__RECORDED INFORMATION__
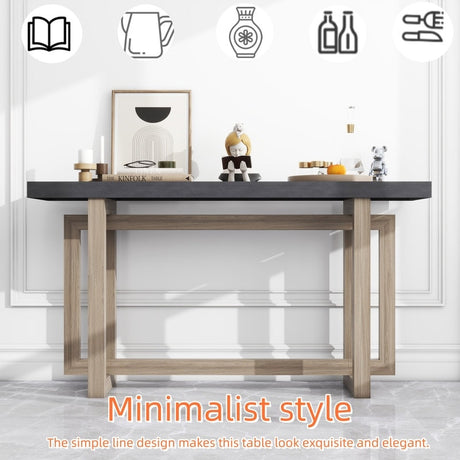 Modern Console Table Sofa Table with Industrial-Inspired Concrete Top, 59'' Long Accent Entryway Table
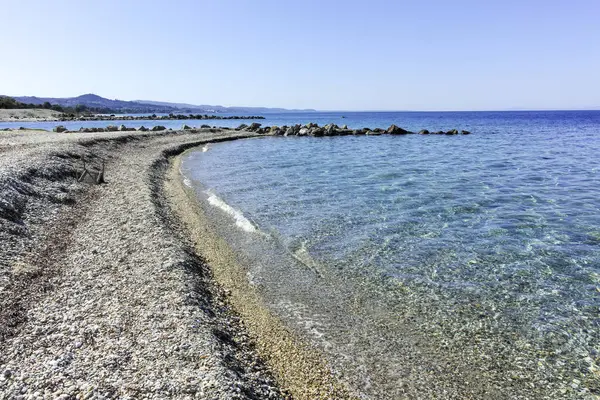 Lagoon Sahili yakınlarındaki Kassandra kıyı şeridi, Chalkidiki, Orta Makedonya, Yunanistan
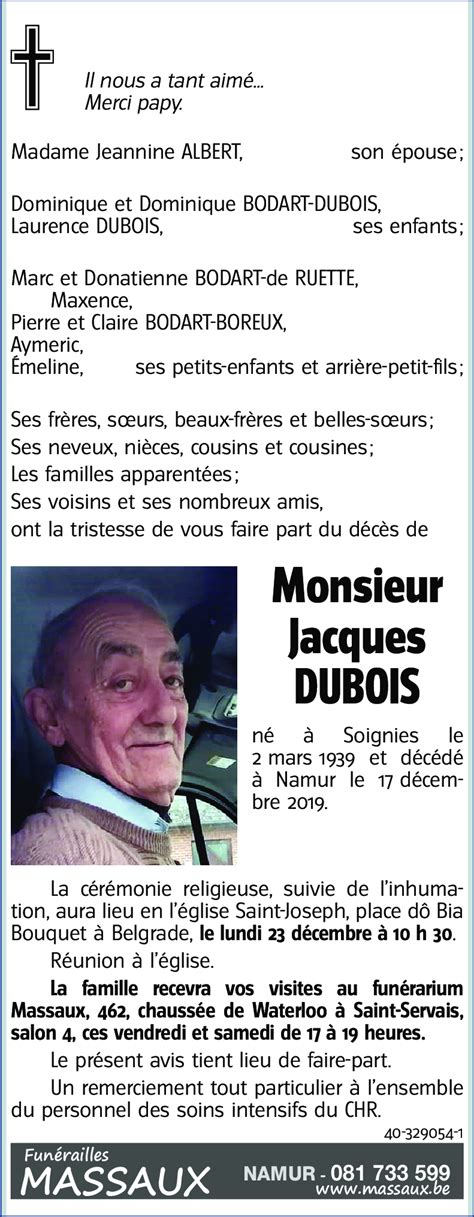 Avis de décès de Jacques DUBOIS décédé le 17 12 2019 à Namur annonce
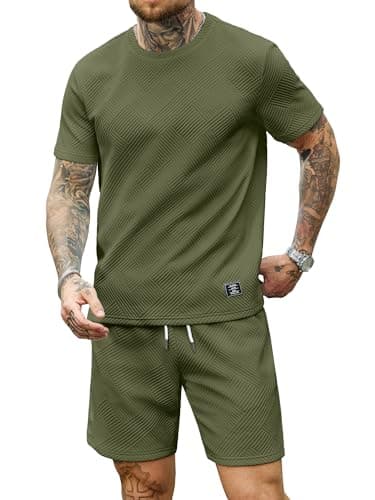 JEMLDL Mens Casual Sets Summer 2 Piece Outfit Army Green Jacquard T-Shirt Shorts Short Sleeve Lounge Wear Olive Green S - Image 1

__WHAT TO WORK ON__
Text only, please: give the listing again word for word with no images.

__PROBLEM SOLUTION__
 Modern Console Table Sofa Table with Industrial-Inspired Concrete Top, 59'' Long Accent Entryway Table
 Lagoon Sahili yakınlarındaki Kassandra kıyı şeridi, Chalkidiki, Orta Makedonya, Yunanistan
 Avis de décès de Jacques DUBOIS décédé le 17 12 2019 à Namur annonce
 JEMLDL Mens Casual Sets Summer 2 Piece Outfit Army Green Jacquard T-Shirt Shorts Short Sleeve Lounge Wear Olive Green S - Image 1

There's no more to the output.